You may have read or heard a story about Mississippi high school senior Constance McMillen, who teamed up with the ACLU to exercise her inalienable right to don a tuxedo and take her sophomore girlfriend to the senior prom. Miss McMillen and her lawyers were nonplussed when the school board responded to their suit with the following statement: “Due to the distractions to the educational process caused by recent events, the Itawamba County School District has decided to not host a prom at Itawamba Agricultural High School this year.” Elsewhere in its statement, the board suggests that private citizens or groups might sponsor a prom in lieu of the school function.
Proms are a touchy subject for me. My journey down the dusty road to spinsterhood began early: I didn’t attend the Varsity Club dance (semi-formal). I didn’t attend the Junior Prom (formal). I didn’t have a date for either.
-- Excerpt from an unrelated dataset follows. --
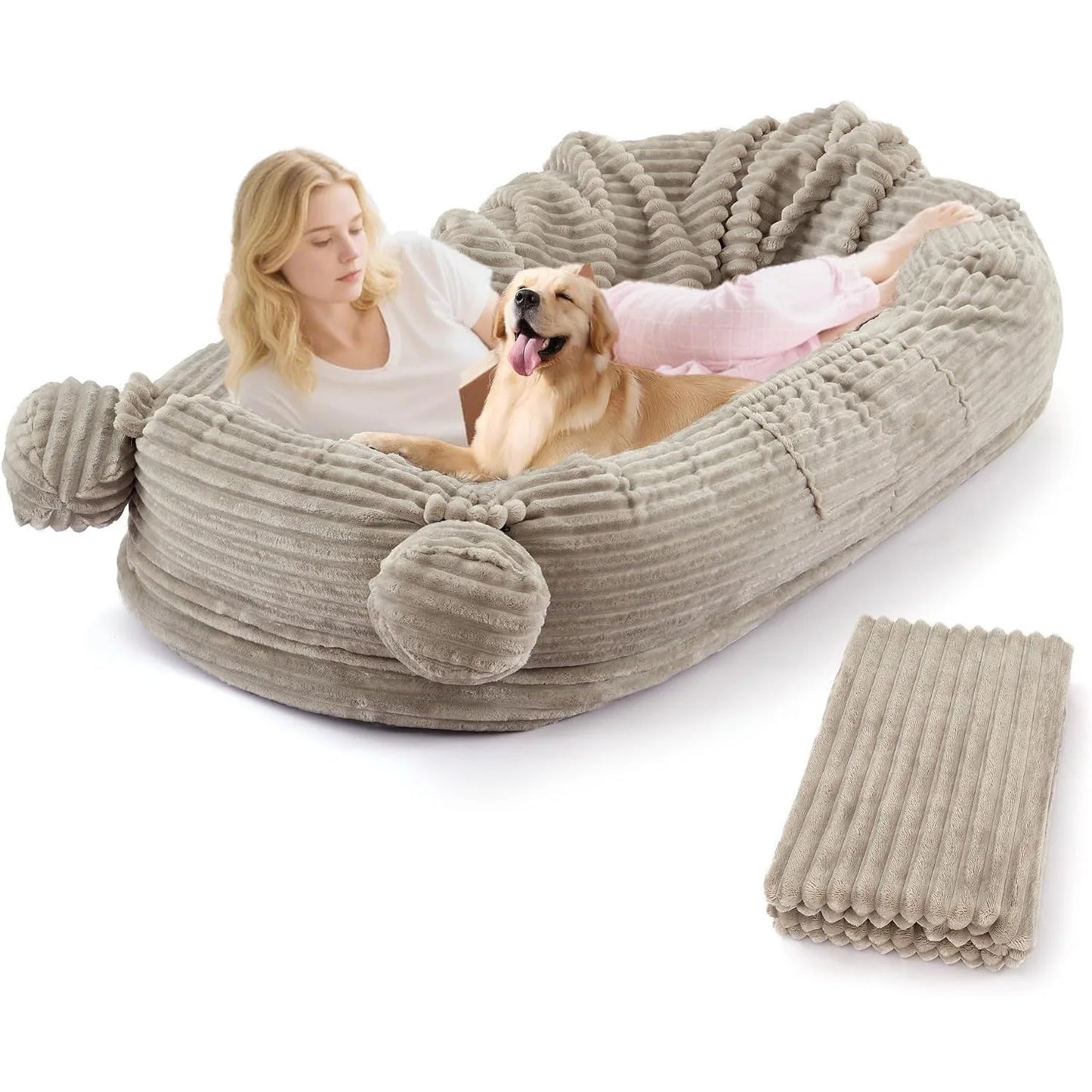 HiMISSCN Dog Bed With Removable Cover, Blanket, Pockets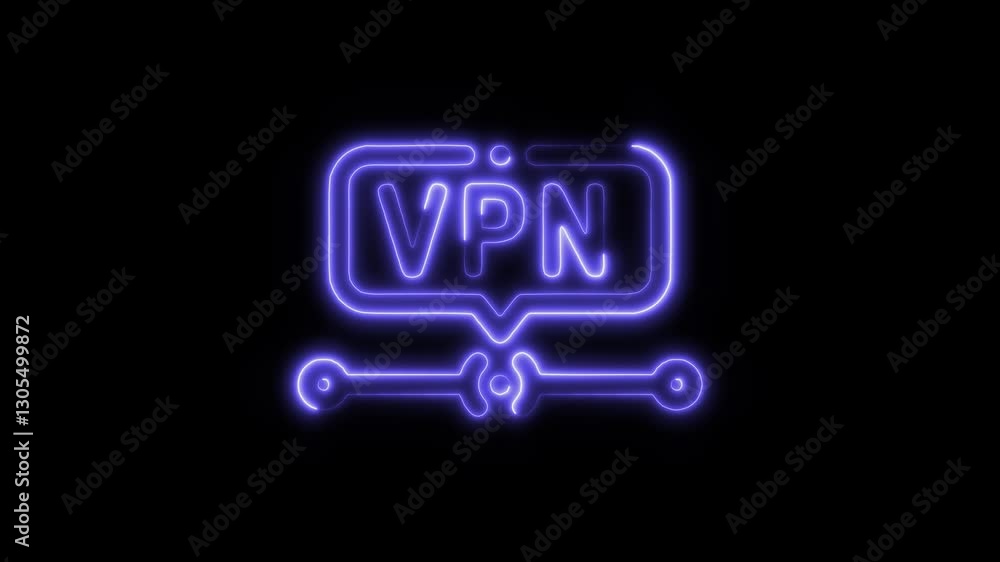 Glowing neon virtual icon isolated on black background. HD Video motion graphic animation icon Glowing neon virtual icon isolated on black background. HD Video motion graphic animation icon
Full disclosure: I did not attend a single dance the entire time I was sentenced to high school.
This was back in the days when prom-goers counted themselves lucky if they could borrow dad’s car to drive to the gym, not order up a pimped-out limo to deliver them to the Crowne Plaza “ballroom” and then on to the obligatory round of after-parties. Girls bought their prom dresses in shops with names like “Deb’s Den,” “The Yankee Lady,” or “Grad’s.” (Had I gone to the prom, mine would have come from Lerner’s.) What the boys wore was of little consequence, as long as they produced the requisite wrist corsage to match their date’s perfect dress and shoes. Established cliques schemed to get their sisters elected prom queen and her court. There was always a bottle or two of vodka to be had. Or so I have been told, having had no firsthand experience.
I give my parents a lot of credit for not getting all bent out of shape about my lack of a date to the prom. While they may have sprung for a pizza for dinner on prom night, they did not go running to the principal’s office to complain that it was unfair I couldn’t get a date. And they certainly didn’t hire a lawyer to fight for my right to be a wallflower.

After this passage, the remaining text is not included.